Spark98:
Sparse Matrix Kernels for
Shared Memory and Message Passing Systems
David O'Hallaron
School of Computer Science
Carnegie Mellon University
Pittsburgh, PA 15213
January, 1998
email: droh@cs.cmu.edu
web: www.cs.cmu.edu/~quake/spark98.html
Copyright (C) David O'Hallaron 1998. You are free to use this software
without restriction. If you find that the suite is helpful to you, it
would be very helpful if you sent me a note at droh@cs.cmu.edu letting
me know how you are using it.
--------------------------------------------------------------------
1. Summary
--------------------------------------------------------------------
Spark98 is a collection of 10 sparse kernels for shared memory and
message passing systems. The sparse matrices are induced from a pair
of three-dimensional unstructured finite element simulations of
earthquake ground motion in the San Fernando Valley. The aim of
Spark98 is to provide the systems community with examples of irregular
codes that are realistic and yet are fairly small (about 1000 lines of
code), and easy to use and experiment with. Each kernel is a
program/mesh pair. There are 5 C programs (smv, lmv, rmv, mmv, hmv)
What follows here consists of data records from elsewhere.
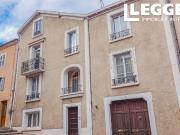 Grande maison de six chambres 320m², deux salles de...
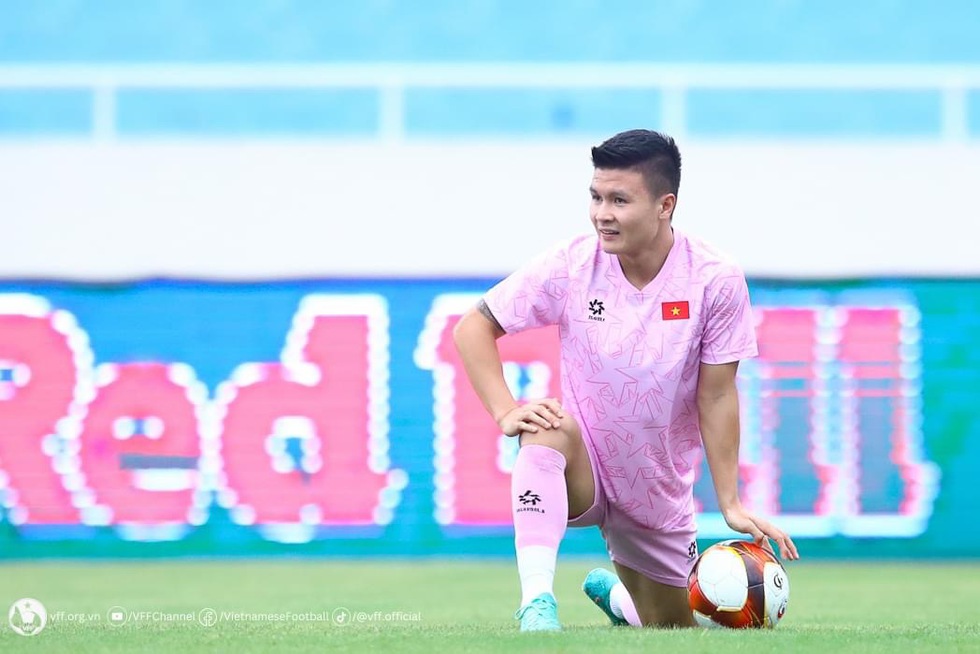 HLV Kim gây sốc: Nguyễn Filip dự bị, Quang Hải và Hoàng Đức trở lại đấu Philippines- Ảnh 9.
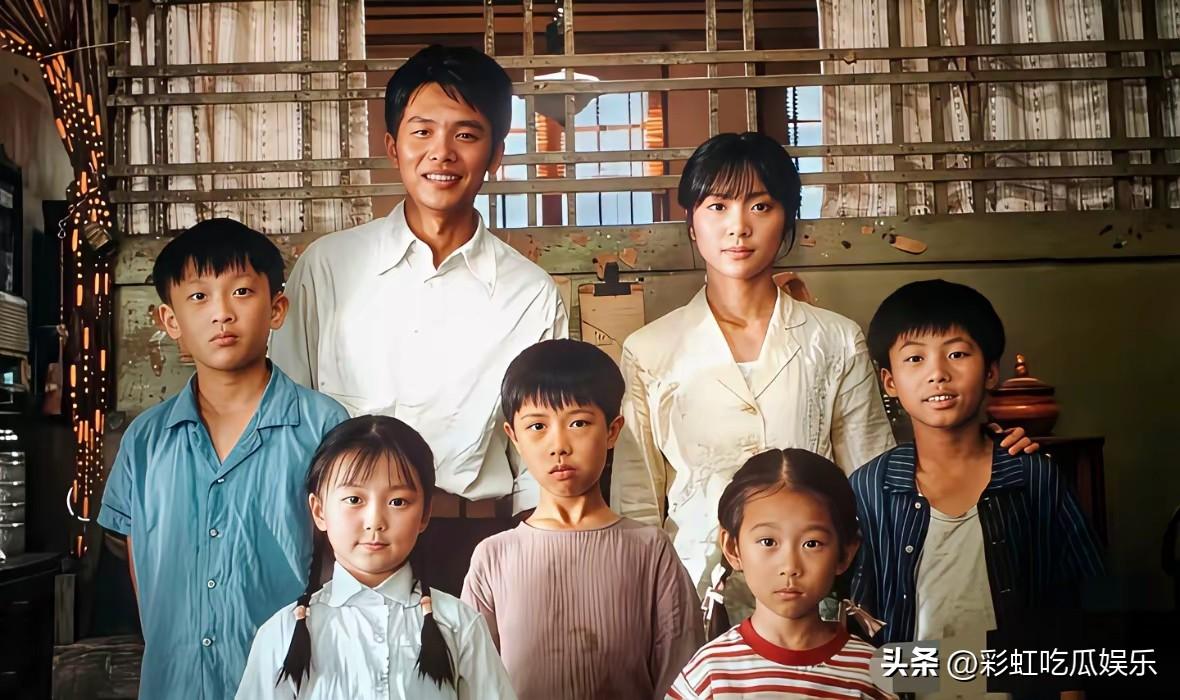 我问老公，你觉得南枝爱过木生吗？老公说爱过，男女之间哪有什么纯友谊。

她的爱带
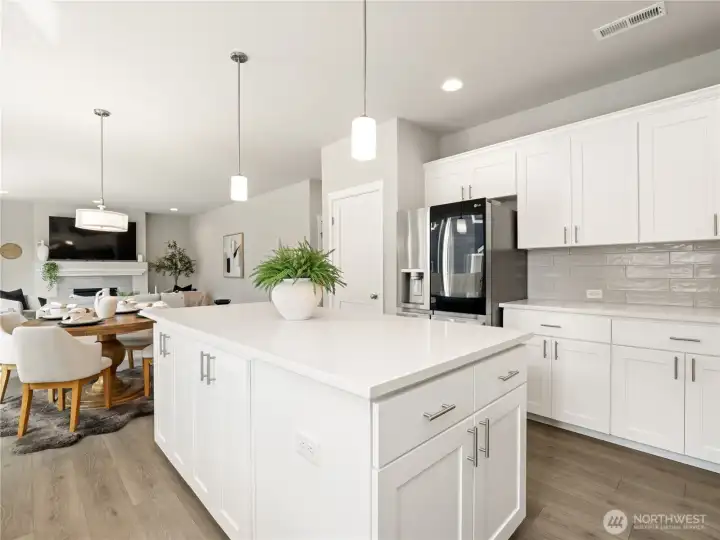 Main level - Kitchen with open concept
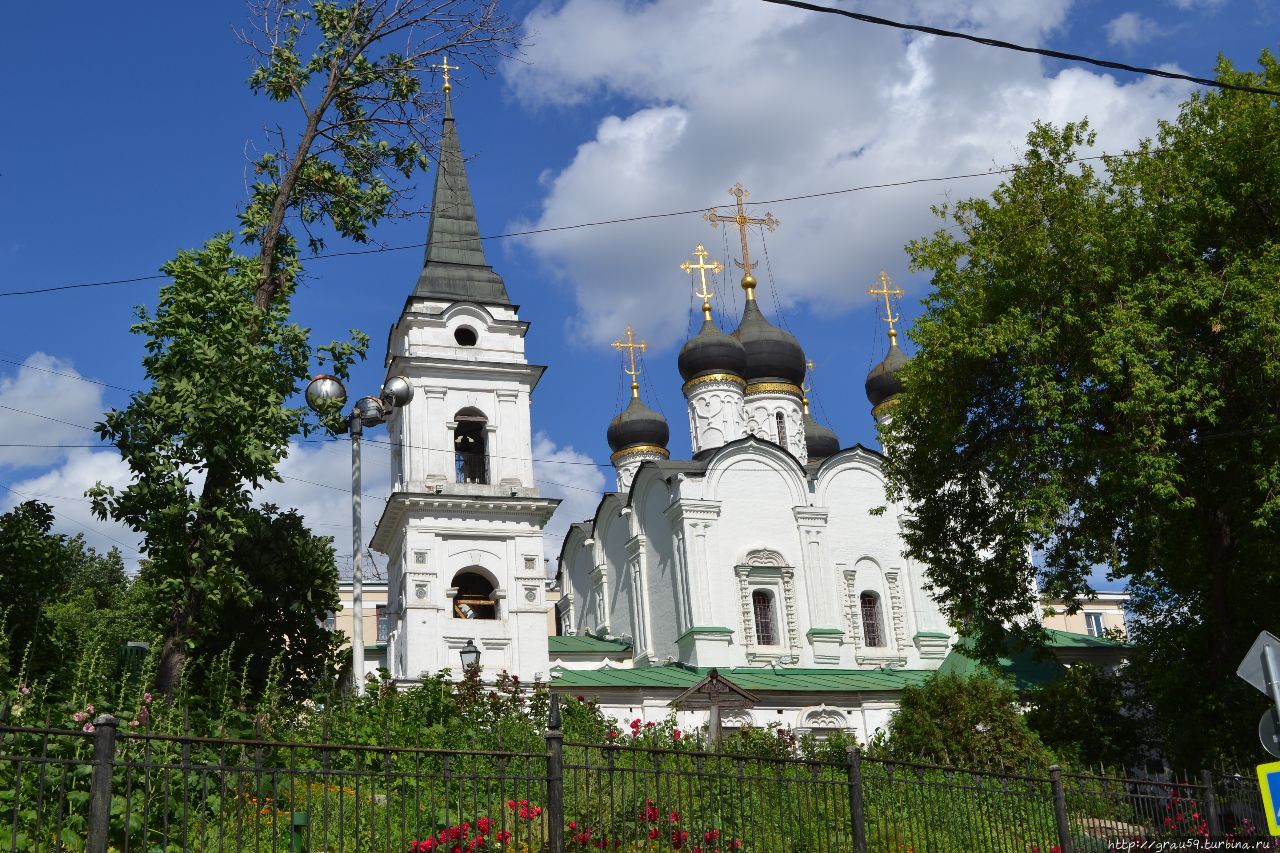 Храм Владимира равноапостольного в Старых Садех Москва, Россия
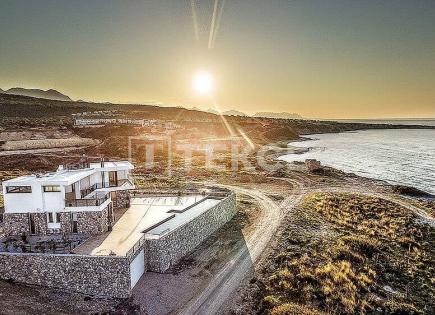 Villa for 632 000 euro in Kyrenia, Cyprus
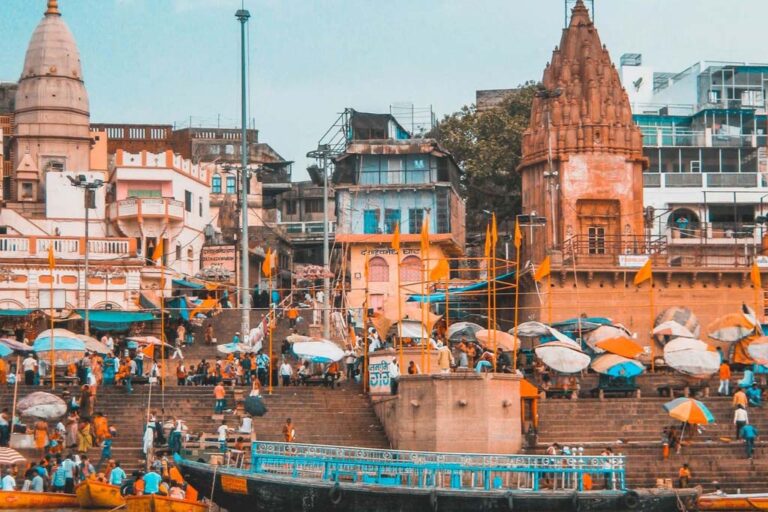 4日間 日本語ガイド付き バラナシ・マハーボディ寺院ツアー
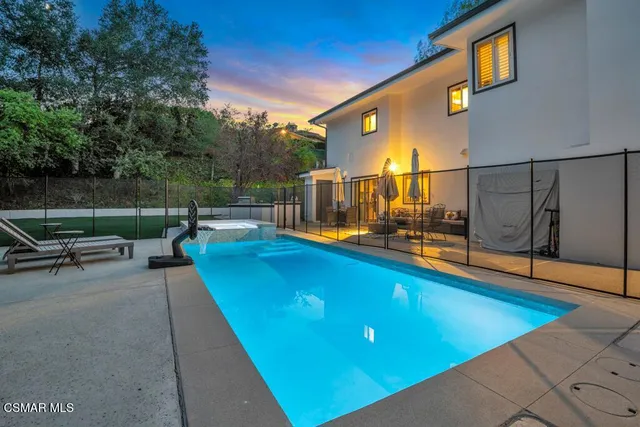 $12,000 | 19410 Shenango Drive, Tarzana, CA 91356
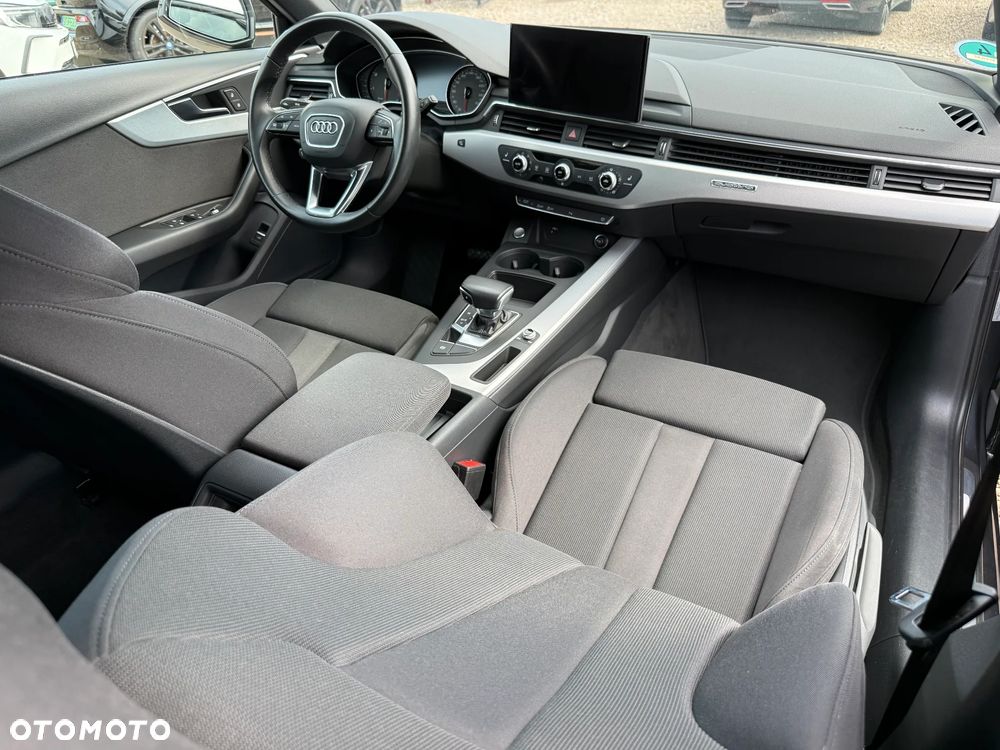 Audi A4 Avant 40 TDI quattro S tronic advanced - 32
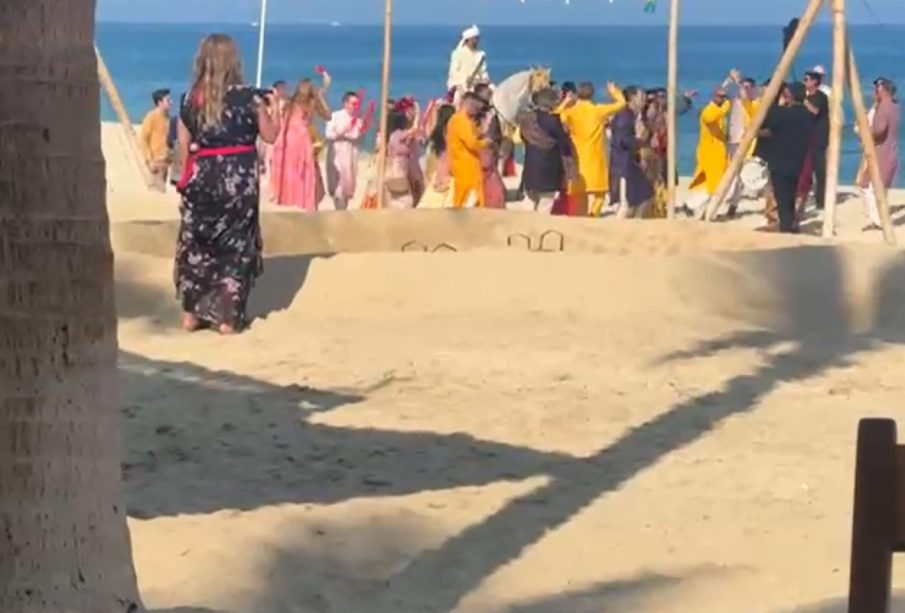 La Chona suena en boda de hindú en la playa (Video)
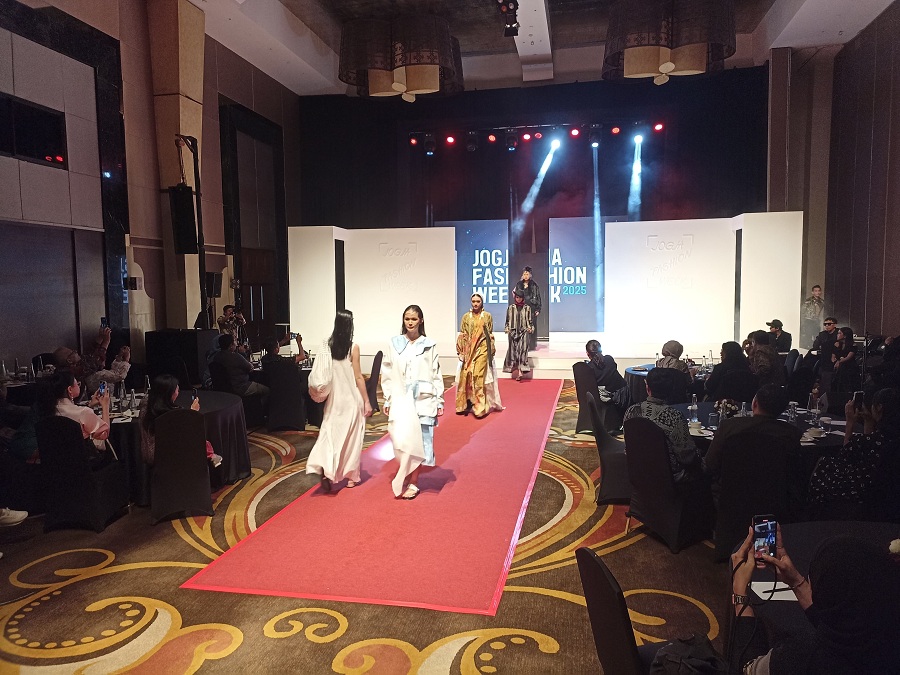 Launching Jogja Fashion Week 2025 di Hotel Royal Ambarrukmo, Rabu (26/2/2025).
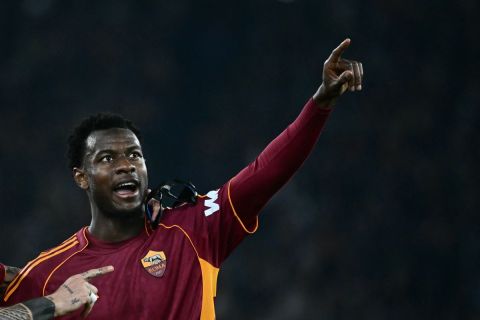 نديكا على رادار برشلونة: حل أقل تكلفة لتعزيز الدفاع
and 2 finite element (sf10 and sf5), for a total of 10 kernels:
+---------------------------------------------------------+
| The Spark98 Kernels |
+------+------------------------+-------------------------+
|prog | sf10 (small mesh) | sf5 (moderate mesh) |
+------+------------------------+-------------------------+
| smv | sequential | sequential |
| lmv | shared memory (lock) | shared memory (lock) |
| rmv | shared memory (reduce) | shared memory (reduce) |
| mmv | message passing (mpi) | message passing (mpi) |
| hmv | hybrid | hybrid |
+------+------------------------+-------------------------+
Smv is a baseline sequential program. Lmv and rmv are simple shared
memory programs based on locks and reductions respectively. Mmv is a
parallel message passing program based on the MPI primitives, and hmv
is a hybrid shared memory program written in an aggressive message
passing style.
Each program computes a sequence of sparse matrix vector product
(SMVP) pairs, y1=K1*x1 followed by y2=K2*x2, where K1 and K2 are
sparse matrices with identical sparsity structures, and y1, y2, x1,
and x2 are dense vectors. Matrices are stored in compressed sparse
row format and are block symmetric. Each nonzero matrix entry is a 3x3
submatrix of doubles. Only the diagonal and the upper triangle
coefficients are actually stored. Similarly each vector entry is a 3x1
subvector.
Each matrix K is represented by three vectors: (1) the coefficient
vector A, (2) Acol, which is defined s.t. A[i] is in column Acol[i],
and (3) Aindex, which is defined s.t. A[Aindex[i]] is the first
nonzero entry of row i.
The meshes determine both the size and nonzero structure of the sparse
matrices used in the SMVP operations. Both sf10 and sf5 are 3D
unstructured finite element meshes developed by the CMU Quake project
(www.cs.cmu.edu/~quake) to simulate earthquake-induced ground motion
in the San Fernando Valley of Southern California. Sf10 is
small-sized mesh (7294 nodes, 97,138 nonzero matrix entries) and sf5
is a moderate-sized mesh (30,169 nodes, 410,923 nonzero matrix
entries).
--------------------------------------------------------------------
2. Programs
--------------------------------------------------------------------
For a particular mesh, each program computes an identical sequence of
SMVP operations, but differs in how aggessively it partitions
references among multiple threads. Each program is written in
ANSI C.
Smv is the baseline sequential program.
Lmv is a parallel shared memory program based on locks. For each SMVP,
there is a single copy of A, x, and y. Each of t threads is allocated
a chunk of contiguous rows of A so that each thread has roughly the
same number of nonzeros. Each thread updates y using L locks to
synchronize the updates. The program can be compiled for either the
Posix threads (pthread) interface or the SGI thread interface. Lmv is
extremely simple to parallelize, but can have poor performance,
depending on the number of locks that are used. Generally, the more
locks the better the performance, however, most systems limit the
number of locks.
Rmv is a parallel shared memory program based on reductions. As with
lmv, work is partitioned so that each thread gets roughly the same
number of nonzero entries in the sparse matrix. Similarly, for each
SMVP, there is a single copy of A and x. However, unlike lmv, each
thread updates its own private copy of y. These private vectors
are then summed to produce the final output vector y. This is
essentially the Fx Do&Merge model. The program can be compiled for
either the pthread or SGI threads interface. Rmv is simple to program
and generally performs better than lmv, at the cost of additional
memory overhead in the form of the privatized output vectors.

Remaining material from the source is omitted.